DATASET EXTRACT section start

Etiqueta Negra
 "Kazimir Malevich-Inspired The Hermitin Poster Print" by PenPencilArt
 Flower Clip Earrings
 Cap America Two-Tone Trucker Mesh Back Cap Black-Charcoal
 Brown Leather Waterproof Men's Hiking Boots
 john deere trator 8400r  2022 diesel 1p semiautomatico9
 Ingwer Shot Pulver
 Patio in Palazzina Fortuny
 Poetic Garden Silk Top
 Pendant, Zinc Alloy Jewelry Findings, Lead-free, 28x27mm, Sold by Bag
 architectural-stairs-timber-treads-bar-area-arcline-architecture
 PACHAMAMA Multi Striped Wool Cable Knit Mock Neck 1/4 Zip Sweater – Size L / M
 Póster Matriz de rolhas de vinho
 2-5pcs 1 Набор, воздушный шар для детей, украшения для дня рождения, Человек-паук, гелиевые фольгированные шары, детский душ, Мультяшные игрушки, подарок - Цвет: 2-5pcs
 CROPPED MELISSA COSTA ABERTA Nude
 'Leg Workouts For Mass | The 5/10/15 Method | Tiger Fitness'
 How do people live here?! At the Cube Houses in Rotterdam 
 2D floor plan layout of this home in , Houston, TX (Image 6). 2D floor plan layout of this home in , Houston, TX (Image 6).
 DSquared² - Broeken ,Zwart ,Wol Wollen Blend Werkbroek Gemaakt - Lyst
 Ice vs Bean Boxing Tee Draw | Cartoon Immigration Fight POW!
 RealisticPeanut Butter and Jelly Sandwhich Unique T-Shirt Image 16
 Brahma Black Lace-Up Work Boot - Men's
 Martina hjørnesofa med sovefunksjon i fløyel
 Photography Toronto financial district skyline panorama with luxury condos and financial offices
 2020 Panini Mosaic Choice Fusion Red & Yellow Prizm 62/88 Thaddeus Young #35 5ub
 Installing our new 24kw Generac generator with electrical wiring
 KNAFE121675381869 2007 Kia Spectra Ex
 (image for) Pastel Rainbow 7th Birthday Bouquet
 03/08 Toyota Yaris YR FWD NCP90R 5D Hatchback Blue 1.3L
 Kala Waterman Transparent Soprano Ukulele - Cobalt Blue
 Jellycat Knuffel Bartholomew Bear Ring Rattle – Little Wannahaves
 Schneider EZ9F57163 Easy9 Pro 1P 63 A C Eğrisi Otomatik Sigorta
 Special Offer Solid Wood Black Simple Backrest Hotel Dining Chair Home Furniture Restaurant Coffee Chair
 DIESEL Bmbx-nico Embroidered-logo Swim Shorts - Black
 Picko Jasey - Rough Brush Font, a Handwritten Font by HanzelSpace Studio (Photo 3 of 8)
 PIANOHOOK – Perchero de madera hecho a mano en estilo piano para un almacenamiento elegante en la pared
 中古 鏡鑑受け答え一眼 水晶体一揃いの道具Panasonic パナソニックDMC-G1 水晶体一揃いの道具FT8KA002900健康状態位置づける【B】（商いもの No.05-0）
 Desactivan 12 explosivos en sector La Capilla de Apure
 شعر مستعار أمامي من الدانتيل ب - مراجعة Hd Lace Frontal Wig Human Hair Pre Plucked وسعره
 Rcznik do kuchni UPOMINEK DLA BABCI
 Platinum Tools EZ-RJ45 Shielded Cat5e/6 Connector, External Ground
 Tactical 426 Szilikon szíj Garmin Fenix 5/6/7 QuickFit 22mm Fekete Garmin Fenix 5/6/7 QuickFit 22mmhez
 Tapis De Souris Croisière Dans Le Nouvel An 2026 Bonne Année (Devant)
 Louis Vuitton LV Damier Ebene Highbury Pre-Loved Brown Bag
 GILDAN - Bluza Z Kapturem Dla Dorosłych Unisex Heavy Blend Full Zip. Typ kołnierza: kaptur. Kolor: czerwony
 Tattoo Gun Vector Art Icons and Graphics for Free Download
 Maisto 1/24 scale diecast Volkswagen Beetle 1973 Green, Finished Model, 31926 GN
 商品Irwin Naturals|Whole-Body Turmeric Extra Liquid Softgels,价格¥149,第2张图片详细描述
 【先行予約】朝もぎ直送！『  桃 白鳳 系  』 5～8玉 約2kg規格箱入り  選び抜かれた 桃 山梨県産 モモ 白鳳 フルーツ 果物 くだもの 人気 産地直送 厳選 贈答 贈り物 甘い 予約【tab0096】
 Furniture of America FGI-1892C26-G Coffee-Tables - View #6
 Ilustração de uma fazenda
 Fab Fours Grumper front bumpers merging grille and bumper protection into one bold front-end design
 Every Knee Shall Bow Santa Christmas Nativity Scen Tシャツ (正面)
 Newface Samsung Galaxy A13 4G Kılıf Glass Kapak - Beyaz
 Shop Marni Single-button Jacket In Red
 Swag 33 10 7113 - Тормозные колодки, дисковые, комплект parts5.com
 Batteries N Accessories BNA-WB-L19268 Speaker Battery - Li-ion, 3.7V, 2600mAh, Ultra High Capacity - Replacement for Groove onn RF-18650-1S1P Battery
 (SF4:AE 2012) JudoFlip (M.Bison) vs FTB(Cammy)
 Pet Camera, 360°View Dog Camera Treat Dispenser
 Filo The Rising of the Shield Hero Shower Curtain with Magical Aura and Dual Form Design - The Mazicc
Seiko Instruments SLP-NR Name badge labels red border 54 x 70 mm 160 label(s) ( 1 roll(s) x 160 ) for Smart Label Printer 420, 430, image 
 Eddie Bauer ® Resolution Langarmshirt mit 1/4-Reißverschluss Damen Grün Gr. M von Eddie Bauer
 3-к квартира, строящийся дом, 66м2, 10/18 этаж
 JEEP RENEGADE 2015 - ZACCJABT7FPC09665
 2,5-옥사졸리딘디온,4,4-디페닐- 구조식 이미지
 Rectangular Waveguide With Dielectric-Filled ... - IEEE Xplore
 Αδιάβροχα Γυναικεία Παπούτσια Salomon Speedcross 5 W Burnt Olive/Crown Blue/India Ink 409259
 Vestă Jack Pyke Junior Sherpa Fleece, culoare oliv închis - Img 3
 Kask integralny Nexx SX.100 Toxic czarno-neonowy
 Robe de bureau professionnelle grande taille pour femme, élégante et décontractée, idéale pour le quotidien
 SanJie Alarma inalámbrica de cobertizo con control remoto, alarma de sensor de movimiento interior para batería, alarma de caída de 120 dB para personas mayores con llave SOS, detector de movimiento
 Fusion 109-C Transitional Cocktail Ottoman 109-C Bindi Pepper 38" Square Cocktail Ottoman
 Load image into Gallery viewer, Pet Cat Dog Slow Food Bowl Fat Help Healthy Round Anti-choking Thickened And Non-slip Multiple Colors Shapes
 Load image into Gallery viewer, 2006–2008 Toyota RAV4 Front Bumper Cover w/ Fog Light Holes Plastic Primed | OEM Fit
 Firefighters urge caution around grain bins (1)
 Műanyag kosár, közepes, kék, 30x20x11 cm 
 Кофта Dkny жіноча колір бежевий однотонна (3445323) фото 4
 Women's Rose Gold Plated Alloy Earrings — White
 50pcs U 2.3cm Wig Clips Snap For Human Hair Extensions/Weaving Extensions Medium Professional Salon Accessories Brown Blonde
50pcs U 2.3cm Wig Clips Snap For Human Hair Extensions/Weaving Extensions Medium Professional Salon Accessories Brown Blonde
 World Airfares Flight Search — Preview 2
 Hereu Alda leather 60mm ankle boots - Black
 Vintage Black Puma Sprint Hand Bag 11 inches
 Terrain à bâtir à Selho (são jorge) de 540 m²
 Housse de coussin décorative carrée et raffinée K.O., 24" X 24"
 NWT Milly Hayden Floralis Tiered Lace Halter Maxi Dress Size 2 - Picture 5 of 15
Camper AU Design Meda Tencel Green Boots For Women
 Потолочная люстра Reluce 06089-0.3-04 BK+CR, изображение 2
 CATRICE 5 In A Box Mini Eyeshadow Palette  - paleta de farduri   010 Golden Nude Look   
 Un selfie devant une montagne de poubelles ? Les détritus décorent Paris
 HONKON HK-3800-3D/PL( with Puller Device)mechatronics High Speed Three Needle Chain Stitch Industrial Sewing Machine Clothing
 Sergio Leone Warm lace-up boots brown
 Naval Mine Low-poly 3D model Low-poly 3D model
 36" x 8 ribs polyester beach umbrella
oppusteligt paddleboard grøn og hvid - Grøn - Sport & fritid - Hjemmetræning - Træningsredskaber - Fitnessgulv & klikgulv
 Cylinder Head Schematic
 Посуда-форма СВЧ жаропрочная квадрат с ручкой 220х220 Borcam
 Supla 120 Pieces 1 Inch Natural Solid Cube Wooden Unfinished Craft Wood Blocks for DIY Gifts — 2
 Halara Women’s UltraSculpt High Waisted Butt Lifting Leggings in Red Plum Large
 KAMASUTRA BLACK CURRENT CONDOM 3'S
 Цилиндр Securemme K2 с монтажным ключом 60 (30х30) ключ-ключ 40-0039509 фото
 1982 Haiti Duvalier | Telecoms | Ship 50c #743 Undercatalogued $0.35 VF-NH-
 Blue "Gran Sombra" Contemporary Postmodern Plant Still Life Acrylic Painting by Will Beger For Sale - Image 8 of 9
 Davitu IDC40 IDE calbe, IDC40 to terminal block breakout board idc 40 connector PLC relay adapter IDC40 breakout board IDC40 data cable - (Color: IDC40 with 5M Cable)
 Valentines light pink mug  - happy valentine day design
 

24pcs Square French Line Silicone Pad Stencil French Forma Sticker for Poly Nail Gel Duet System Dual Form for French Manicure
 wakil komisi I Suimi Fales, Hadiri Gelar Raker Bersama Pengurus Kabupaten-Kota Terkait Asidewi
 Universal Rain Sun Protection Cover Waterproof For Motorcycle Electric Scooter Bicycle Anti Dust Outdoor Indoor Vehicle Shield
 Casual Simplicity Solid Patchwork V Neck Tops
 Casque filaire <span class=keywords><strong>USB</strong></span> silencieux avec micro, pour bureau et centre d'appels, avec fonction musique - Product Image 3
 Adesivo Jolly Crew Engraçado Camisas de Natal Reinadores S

DATASET EXTRACT section end

Would you output, from the records above, exactly the run of lines that starts at the line containing "Vintage Black Puma Sprint Hand Bag 11 inches" and ends at the line containing "Universal Rain Sun", and only that run?

== ANSWER SPACE ==
 Vintage Black Puma Sprint Hand Bag 11 inches
 Terrain à bâtir à Selho (são jorge) de 540 m²
 Housse de coussin décorative carrée et raffinée K.O., 24" X 24"
 NWT Milly Hayden Floralis Tiered Lace Halter Maxi Dress Size 2 - Picture 5 of 15
Camper AU Design Meda Tencel Green Boots For Women
 Потолочная люстра Reluce 06089-0.3-04 BK+CR, изображение 2
 CATRICE 5 In A Box Mini Eyeshadow Palette  - paleta de farduri   010 Golden Nude Look   
 Un selfie devant une montagne de poubelles ? Les détritus décorent Paris
 HONKON HK-3800-3D/PL( with Puller Device)mechatronics High Speed Three Needle Chain Stitch Industrial Sewing Machine Clothing
 Sergio Leone Warm lace-up boots brown
 Naval Mine Low-poly 3D model Low-poly 3D model
 36" x 8 ribs polyester beach umbrella
oppusteligt paddleboard grøn og hvid - Grøn - Sport & fritid - Hjemmetræning - Træningsredskaber - Fitnessgulv & klikgulv
 Cylinder Head Schematic
 Посуда-форма СВЧ жаропрочная квадрат с ручкой 220х220 Borcam
 Supla 120 Pieces 1 Inch Natural Solid Cube Wooden Unfinished Craft Wood Blocks for DIY Gifts — 2
 Halara Women’s UltraSculpt High Waisted Butt Lifting Leggings in Red Plum Large
 KAMASUTRA BLACK CURRENT CONDOM 3'S
 Цилиндр Securemme K2 с монтажным ключом 60 (30х30) ключ-ключ 40-0039509 фото
 1982 Haiti Duvalier | Telecoms | Ship 50c #743 Undercatalogued $0.35 VF-NH-
 Blue "Gran Sombra" Contemporary Postmodern Plant Still Life Acrylic Painting by Will Beger For Sale - Image 8 of 9
 Davitu IDC40 IDE calbe, IDC40 to terminal block breakout board idc 40 connector PLC relay adapter IDC40 breakout board IDC40 data cable - (Color: IDC40 with 5M Cable)
 Valentines light pink mug  - happy valentine day design
 

24pcs Square French Line Silicone Pad Stencil French Forma Sticker for Poly Nail Gel Duet System Dual Form for French Manicure
 wakil komisi I Suimi Fales, Hadiri Gelar Raker Bersama Pengurus Kabupaten-Kota Terkait Asidewi
 Universal Rain Sun Protection Cover Waterproof For Motorcycle Electric Scooter Bicycle Anti Dust Outdoor Indoor Vehicle Shield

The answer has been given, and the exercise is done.